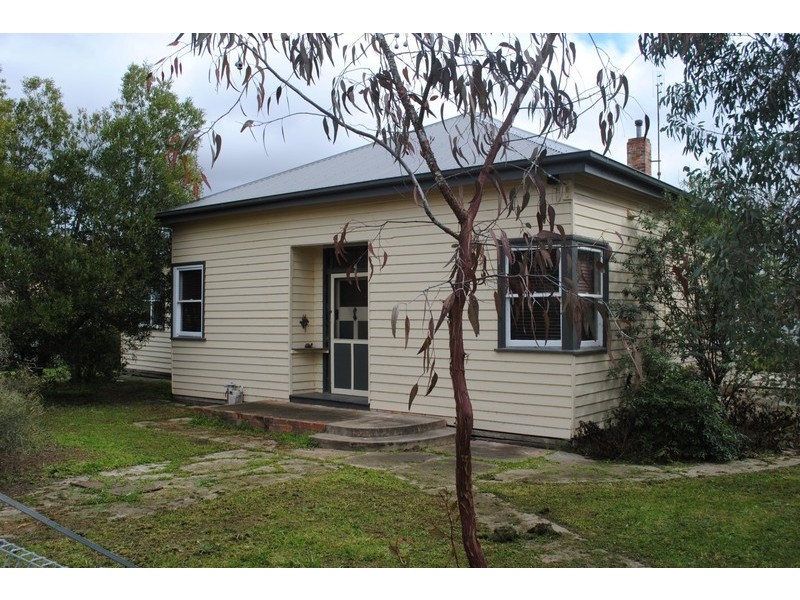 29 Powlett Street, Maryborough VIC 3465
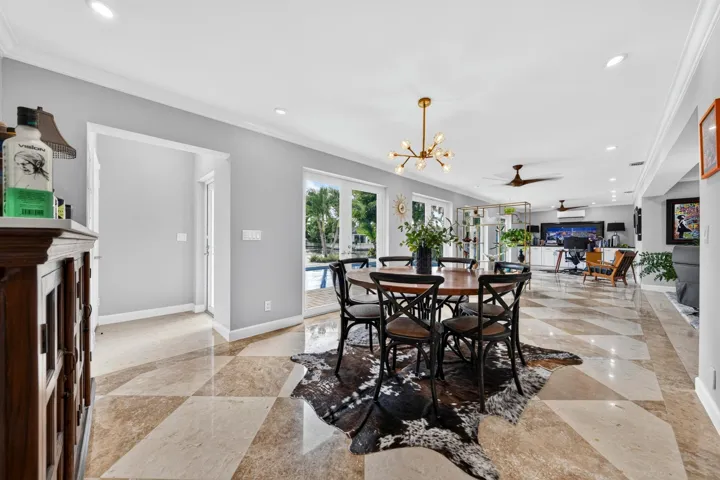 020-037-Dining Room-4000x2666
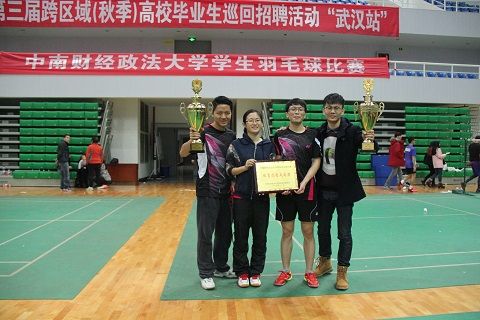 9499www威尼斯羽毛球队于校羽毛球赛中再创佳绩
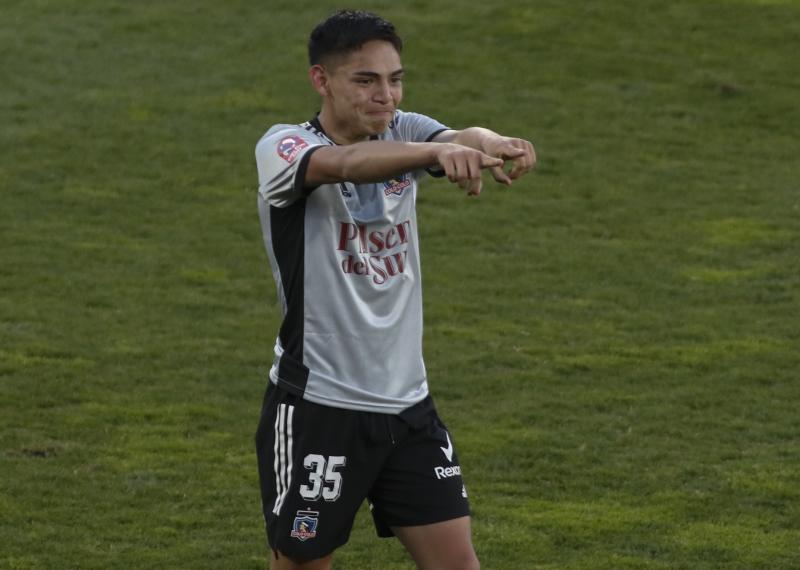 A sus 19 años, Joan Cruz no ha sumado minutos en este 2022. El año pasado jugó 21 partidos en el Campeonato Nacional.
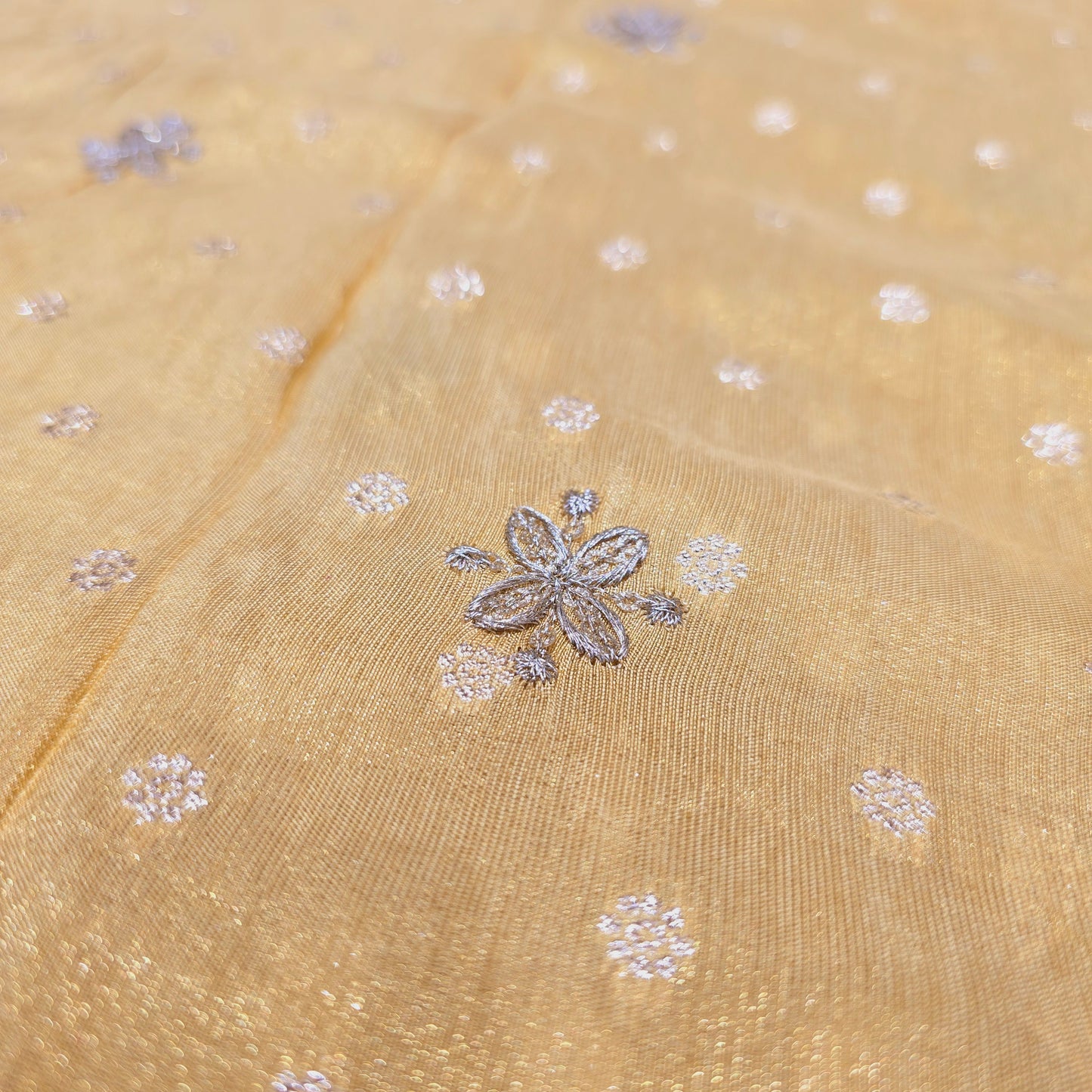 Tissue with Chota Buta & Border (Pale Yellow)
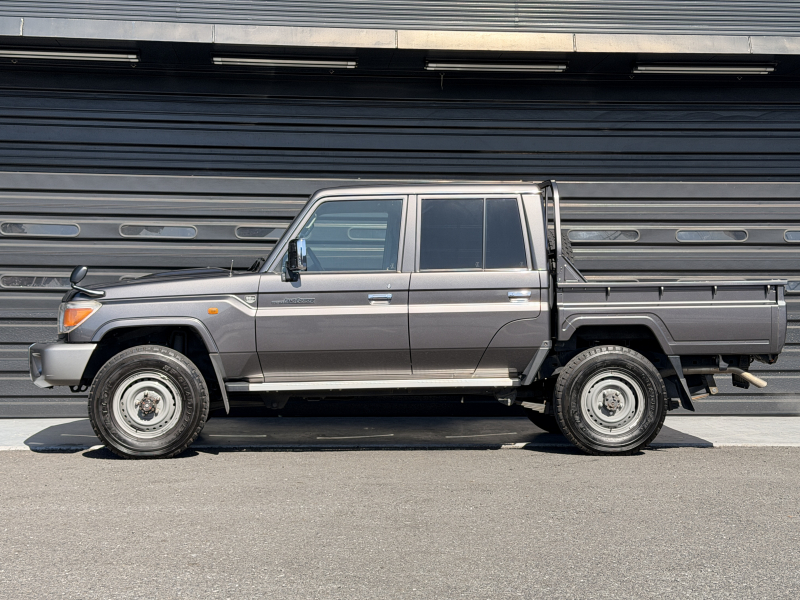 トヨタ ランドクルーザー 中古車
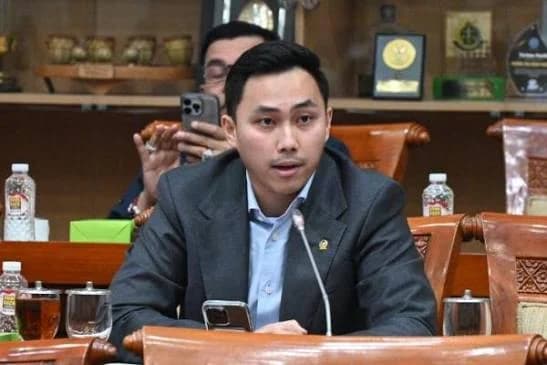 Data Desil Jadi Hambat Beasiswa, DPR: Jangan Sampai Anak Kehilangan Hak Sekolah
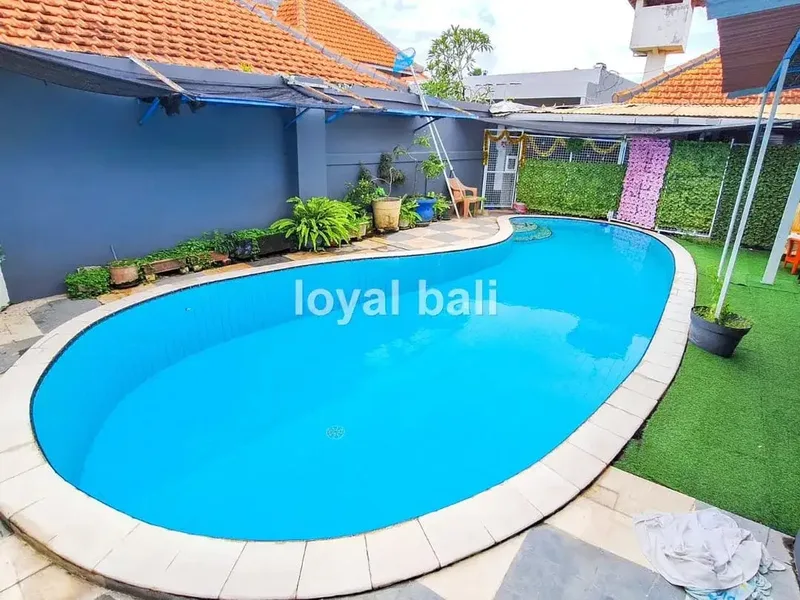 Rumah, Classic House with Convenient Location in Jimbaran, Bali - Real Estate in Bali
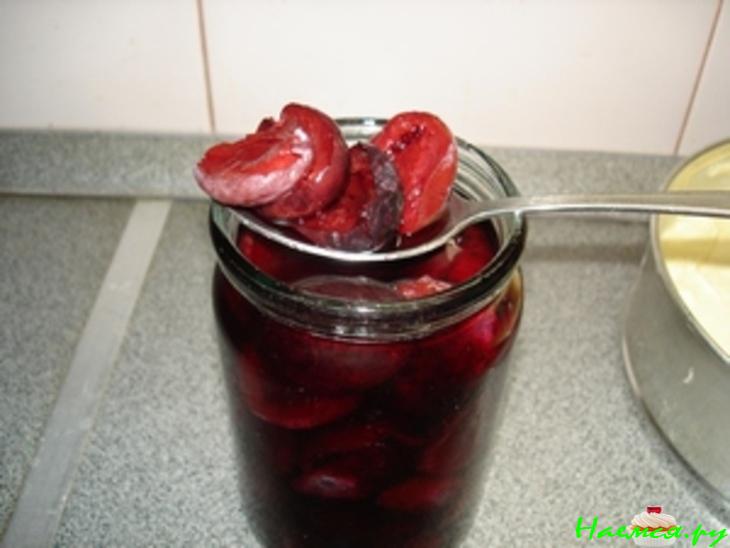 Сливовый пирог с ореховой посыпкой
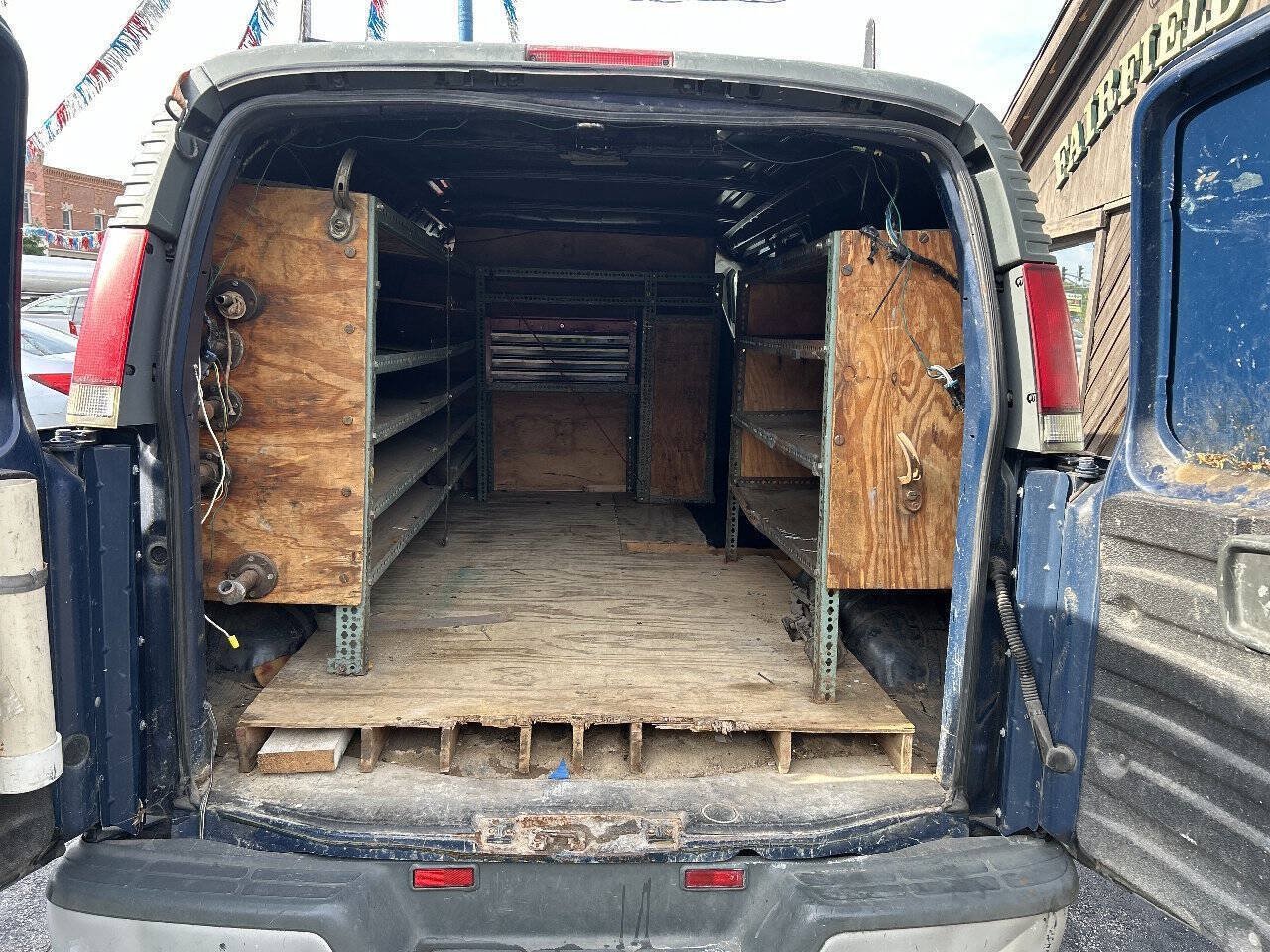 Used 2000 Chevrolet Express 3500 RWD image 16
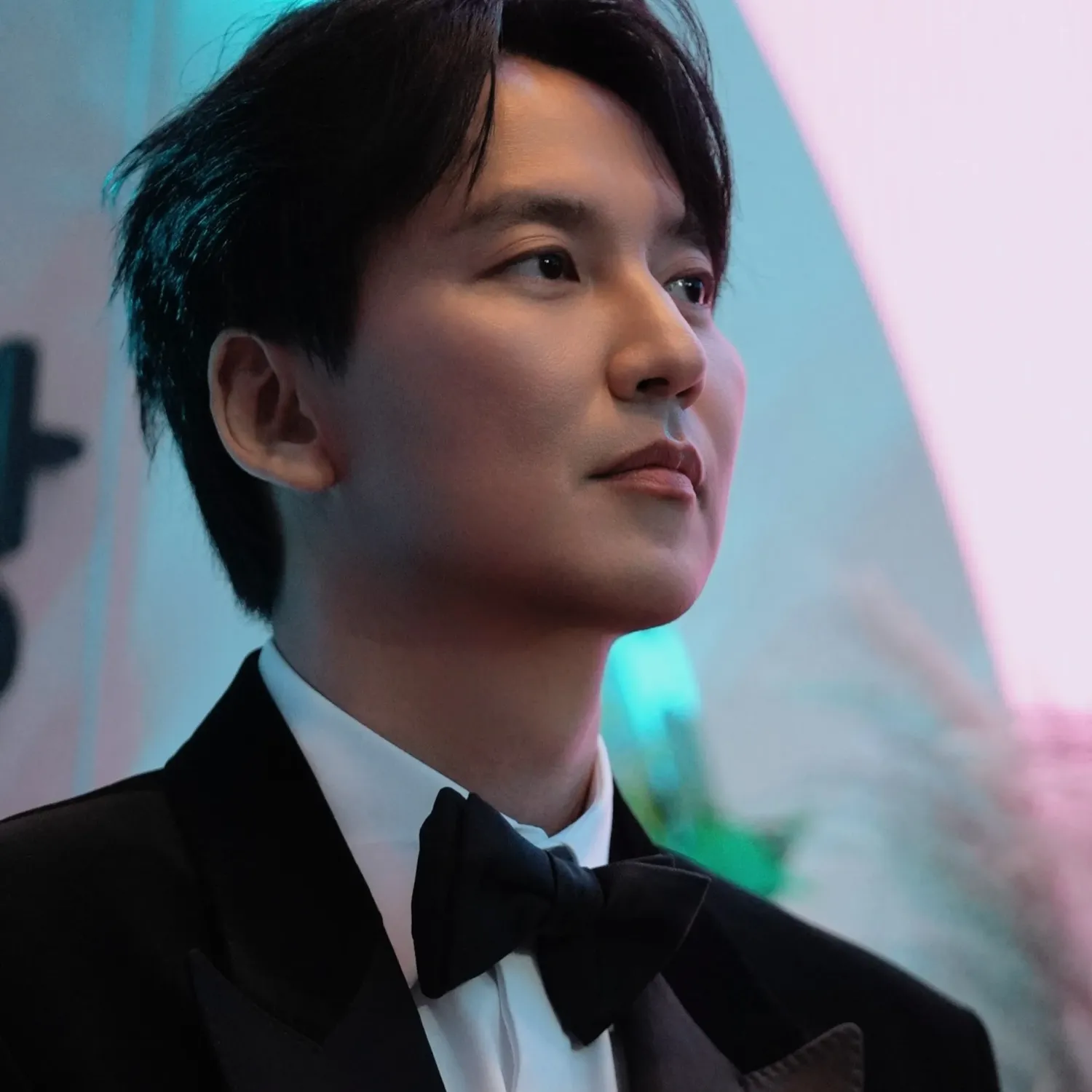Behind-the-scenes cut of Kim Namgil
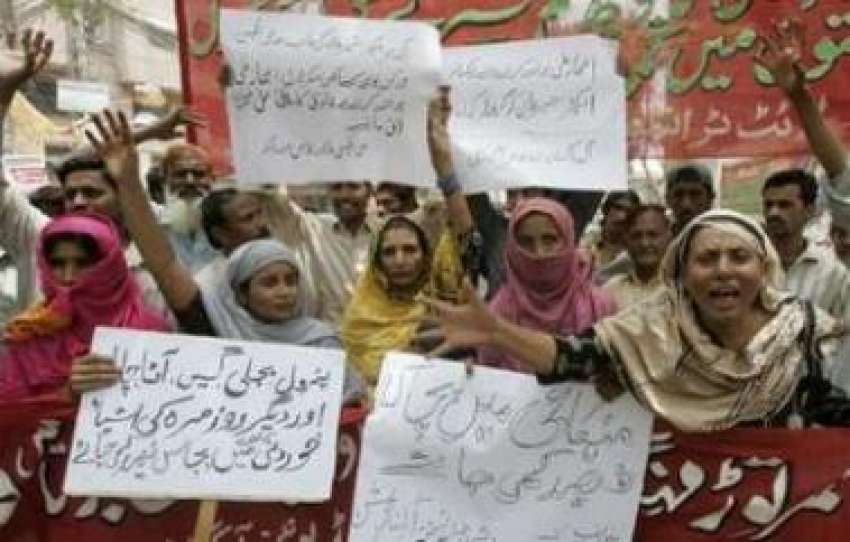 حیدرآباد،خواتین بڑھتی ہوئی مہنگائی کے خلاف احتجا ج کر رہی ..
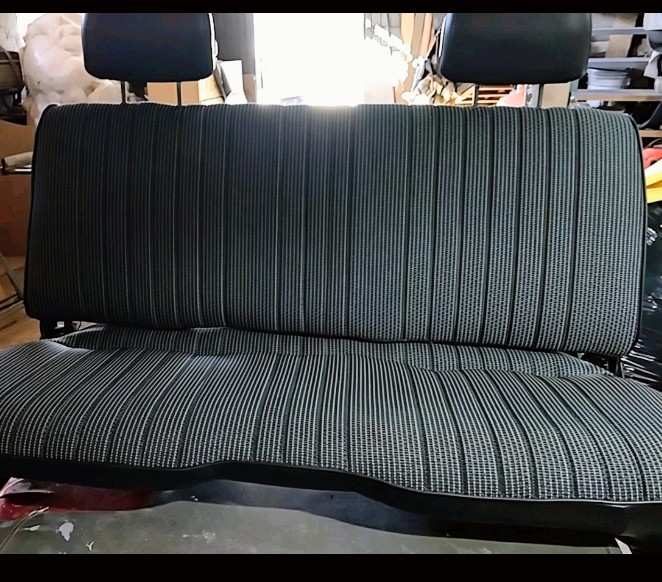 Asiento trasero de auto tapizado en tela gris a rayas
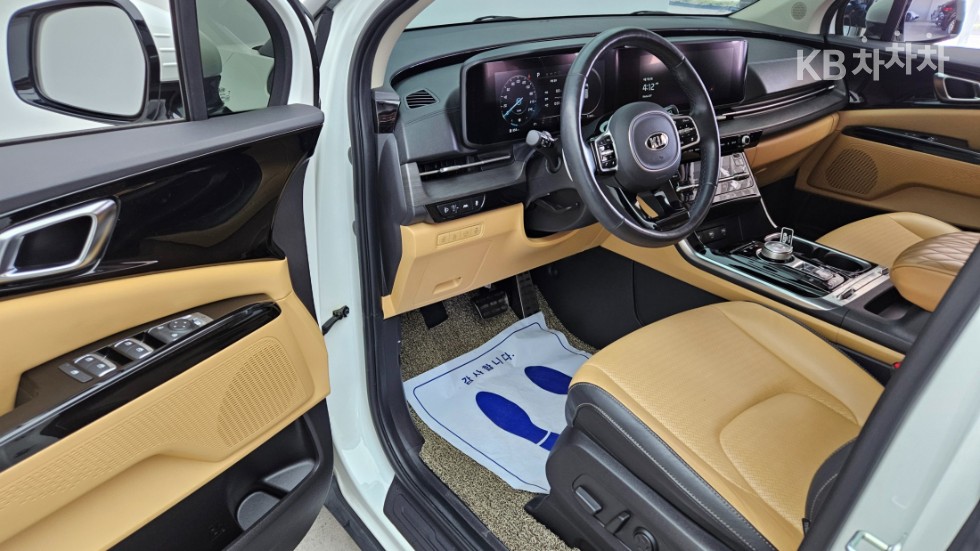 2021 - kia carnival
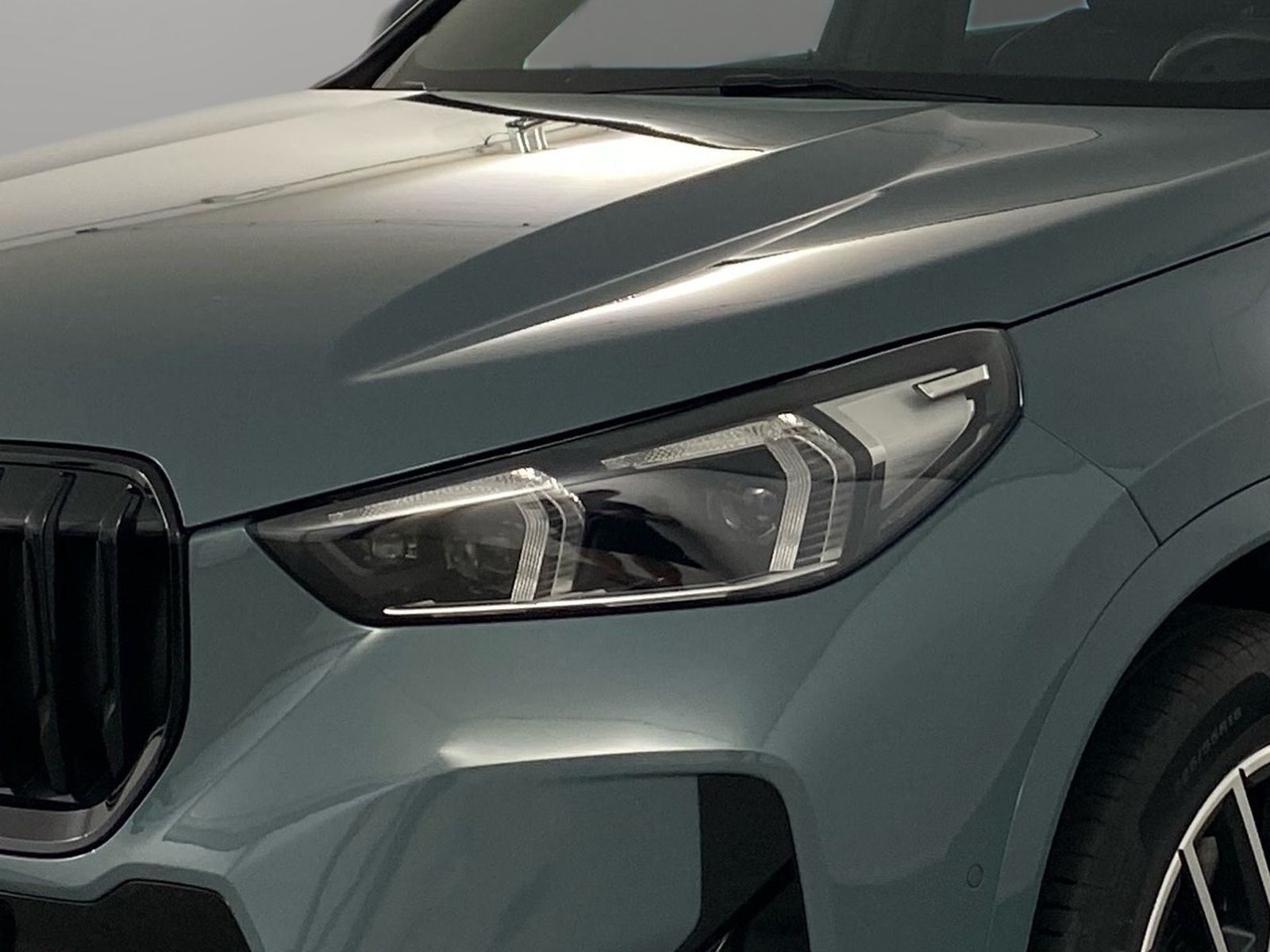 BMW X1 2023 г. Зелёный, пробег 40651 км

[EXERCISE GOAL]: Output an exact copy of the lines from the one with "Asiento trasero de" through the closing line of the records, inclusive, without any images.

[REPLY TO THE TASK]:
 Asiento trasero de auto tapizado en tela gris a rayas
 2021 - kia carnival
 BMW X1 2023 г. Зелёный, пробег 40651 км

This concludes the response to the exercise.